Reese believes that the time is right for building an informatics foundation for personalized medicine. “Seven years ago the hype was huge that the genome would solve all human diseases, and I’m really excited about the technologies that are coming out now and I think that now is really the starting point for that to all make sense,” he said.
Previously, Reese noted, experiments linking genes with disease “were hard to reproduce, and a lot of times the reason was that it was just too expensive and we didn’t have the technology, and it was just economically not doable.” Now, he noted, new methods like next-generation sequencing, genotyping, and biomarker discovery platforms should help drive adoption of personalized medicine.
“We’re basically saying, ‘These technologies are getting ready, so let’s try to be ready in terms of content, in terms of what we can do,’” Reese said. “So what we’re focused on at this company is bringing genomic discovery ultimately all the way into diagnostics and the clinical world, and what is required to do this, and we’re coming from an IT and information point of view.”
Omicia was recently awarded a Phase II Small Business Innovation Research grant worth $718,557 from the National Human Genome Research Institute to continue developing its software and database. That builds on a $100,000 Phase I SBIR awarded in 2003 to develop the prototype Disease Marker Genome Annotation System.
“Seven years ago the hype was huge that the genome would solve all human diseases, and I’m really excited about the technologies that are coming out now and I think that now is really the starting point for that to all make sense.”
The company has been awarded several other NIH grants over the past few years, including a $100,000 SBIR in 2004 to develop a prototype system for genetic marker information delivery, a $100,000 SBIR in 2005 to develop a system for predicting novel genetic disease associations, and a $182,732 award this year titled, “Comparative systematic genetics for cardiovascular gene identification.”
Reese described the jamboree as a way to “kick-start” the next phase of Omicia’s development. While he declined to provide details of the company’s business model, he noted that its growing knowledgebase of correlated genotypes and phenotypes is “basically our internal powerful engine to drive personalized medicine.”

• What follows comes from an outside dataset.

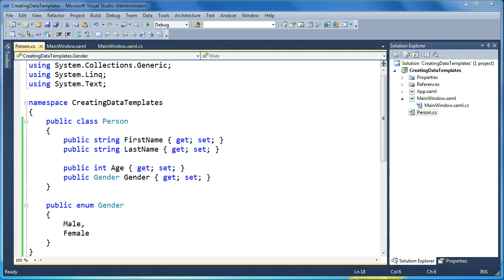Hi, my name is Brad Cunningham, and today we're going to talk about creating data templates in WPF. A data template is a snippet of XAML that allows you to provide a visualization for your objects in your application.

Reese added that the database is primarily a “research tool” for the company for the time being while it finalizes its approach to the marketplace. “It allows us very nicely to look through and identify the real market opportunities and the real commercial opportunities for personalized medicine,” he said. “This is really our core knowledge base.”
Yandell said that one goal of the company is to “assemble as much data as possible towards producing a knowledgebase that will allow us to identify novel polymorphisms that may be indicative of disease in known genes and also identify new genes that may play a role in some well-known disease.”
Andreas Braun, president of diagnostic R&D firm Dx Innovations and a member of Omicia’s medical advisory board, noted in an e-mail to BioInform that he expects Omicia's database to become “a prime resource for patients and in particular for physicians to interpret the increasingly complex information about genetics/genomics involved in common diseases.”
Omicia’s knowledgebase and software should be “usable” for Omicia’s internal use by the end of the year or early next year, Reese said. “Are we going to sell it as a software product early next year? I doubt that. But can it be used successfully by our collaborators? Definitely.”